弁護士法人英明法律事務所の事務所報『Eimei Law News 』より、当事務所の所属弁護士によるコラムです。

契約書を考える

  1  期限の利益喪失条項

     中小企業法務研究会  債権回収部会  弁護士  吉開  雅宏 (2015.04)

1 期限の利益

期限の利益とは、期限が付されることによって当事者が受ける利益のことをいいます。 具体的には、X(債務者)がY(債権者)から1年後に返済するという約束のもと年利を10パーセントと設定し、100万円を借り受けるという場合、X(債務者)は1年後の期限到来まで100万円を返済する必要はなく、 返済を猶予されるという利益を有します。他方、Y(債権者)は、期限の到来を待つことによって、10パーセントの利息を受け取ることができるという利益を有します。

2 期限の利益の喪失

期限の利益を喪失とは、一定の事由が発生したときに、上記のような期限の利益を失ってしまうことをいいます。
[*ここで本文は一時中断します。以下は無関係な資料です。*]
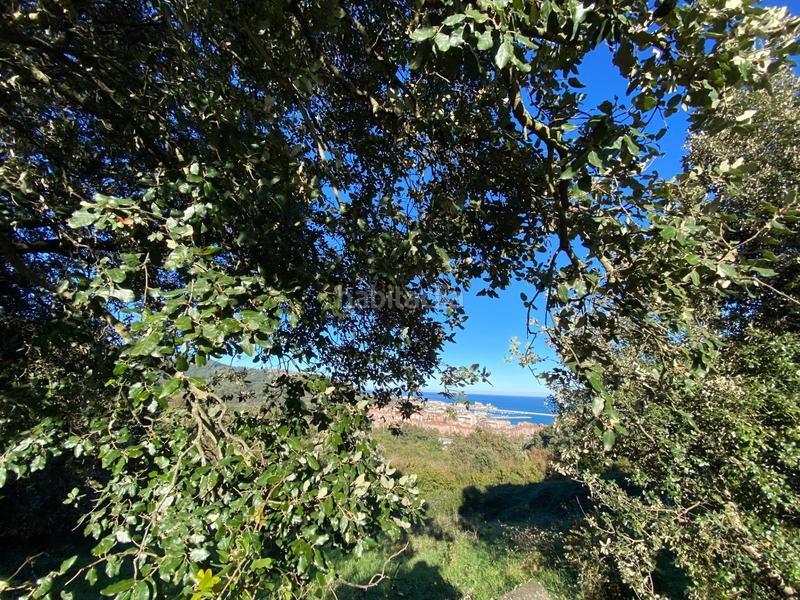 Foto a1636b3a-44d5-4ef5-9318-5d4c9061a3d9. Landgut in Cotolino Castro - Urdiales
民法137条は、期限の利益が喪失する場合として3つの場合を規定しております。 しかし、民法が規定する3つの場合だけでは、債権回収をしなければならないような不測の事態に相手方が陥っている場合、対応が遅れてしまいます。そこで、契約締結の際、 当事者間において、民法が規定する以外の条項であっても期限の利益を喪失させることになるという条項を設けておく必要があります。
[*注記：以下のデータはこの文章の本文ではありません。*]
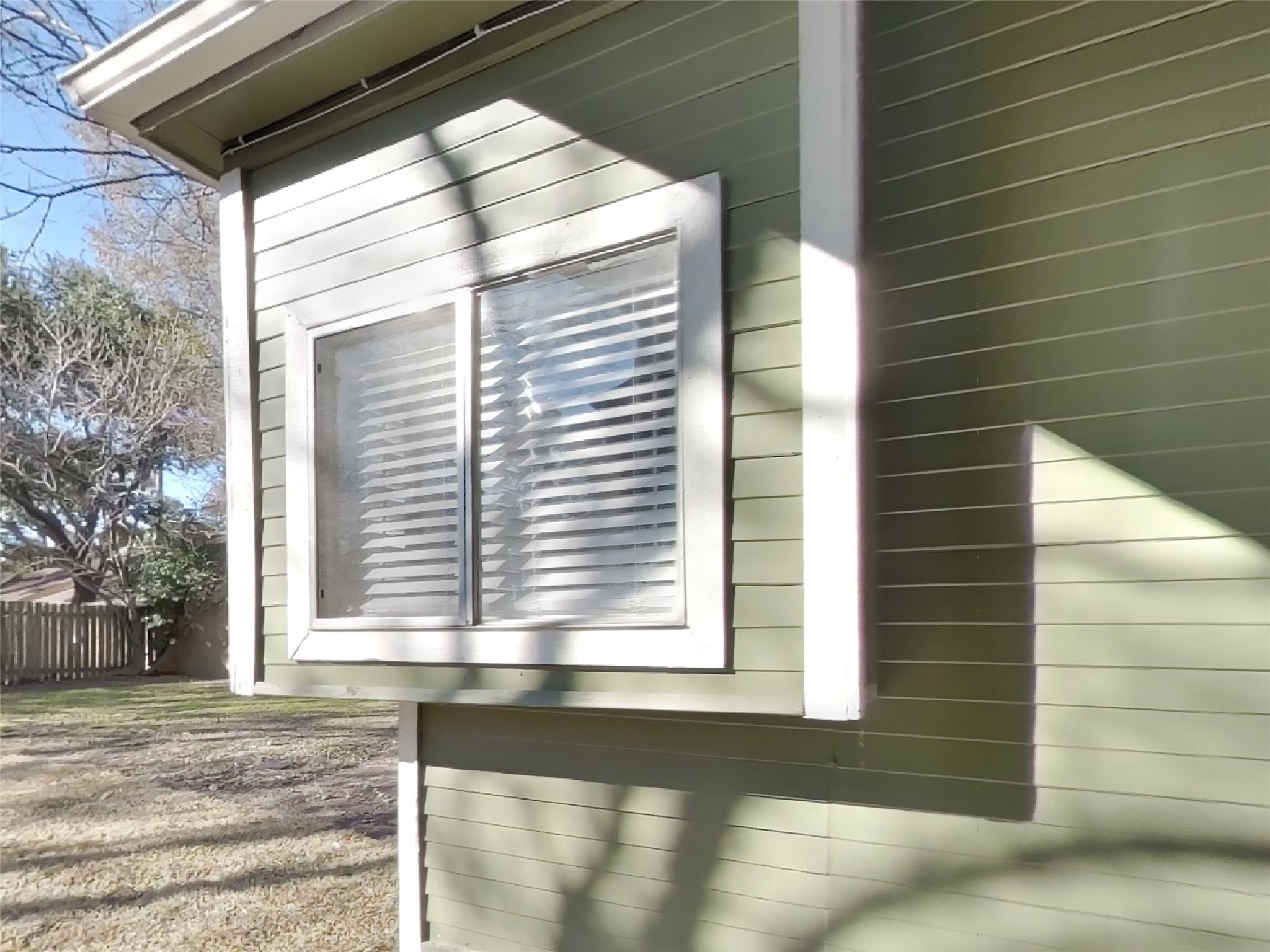 1934 Creston Drive Spring, TX 77386 - Photo 23 of 25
なお、期限の利益喪失条項の定め方には2通りあります。1つは、所定の事由が生じると当然に期限の利益が喪失するという当然喪失条項。2つめは、所定の事由が生じ、相手方から請求があった場合に期限の利益が喪失するという請求喪失条項です。いずれの条項を用いるかは、契約内容、当事者の意向によって異なってきます。

3 期限の利益を喪失させることのメリット

債権者は、期限の利益を喪失させることができれば、債務者に対し、直ちに債務の全額を請求することができるようになります。 それに伴い、担保を取得している場合には担保権を実行できるようになります。また、債務者に対して債務を負担している場合には、当該債務と相殺することも可能になります。
   このように期限の利益を喪失させることによって、多くのメリットが生じますので、契約書を作成する場合、期限の利益喪失条項が債権回収を考えるうえでいかに重要かがわかります。

4 具体的な契約条項

契約書に期限の利益喪失条項を盛り込む場合、具体的には以下のような文言が考えられます。
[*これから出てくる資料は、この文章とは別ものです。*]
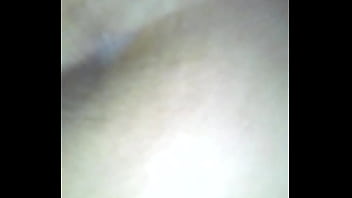Preview 2 of Rencontres En Ile De France - Me quita el COND&Oacute_N y me lo chupa.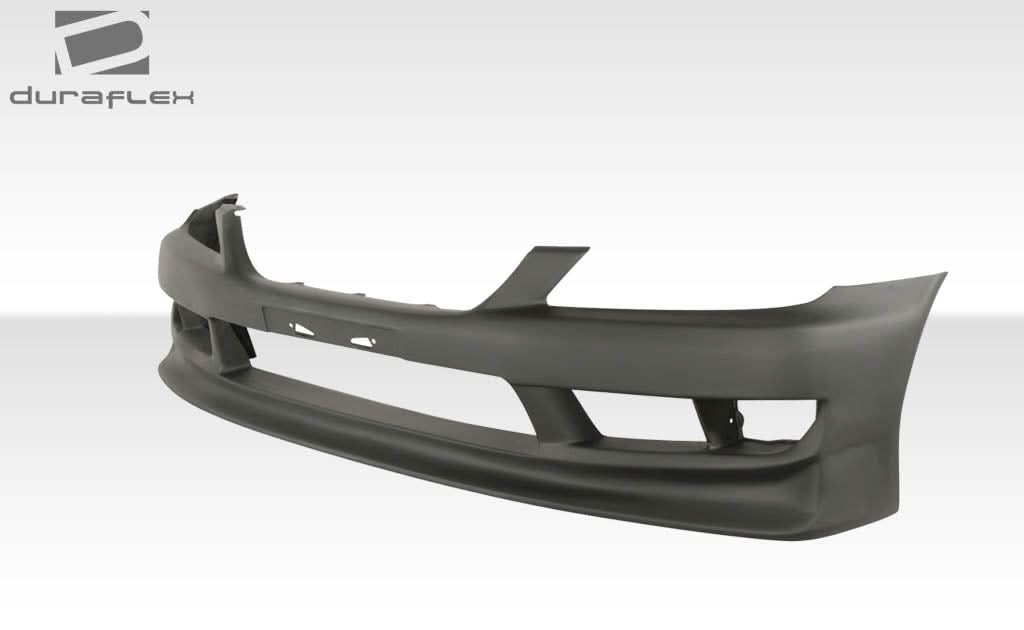 2000-2005 Lexus IS300 V-Speed 2 Style Body Kit - 4 Piece - FRP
  • (1)   乙(買主)が、次の各号のいずれかに該当する場合、乙は当然に期限の利益を喪失し、甲(売主)は、乙に対し、直ちに売買代金を一括して請求することができる。
  • (2)   乙(債務者)が債務の支払いを怠り、その額が金○○万円に達したときは、乙は当然に期限の利益を失い、残額を一括して支払わなければならない。

もっとも、上記記載例が全ての契約に当てはまるというわけではありません。契約内容や当事者間の意向によって、その内容は変わるべきものですので、契約書作成の際には専門家による作成、確認が重要でとなってきます。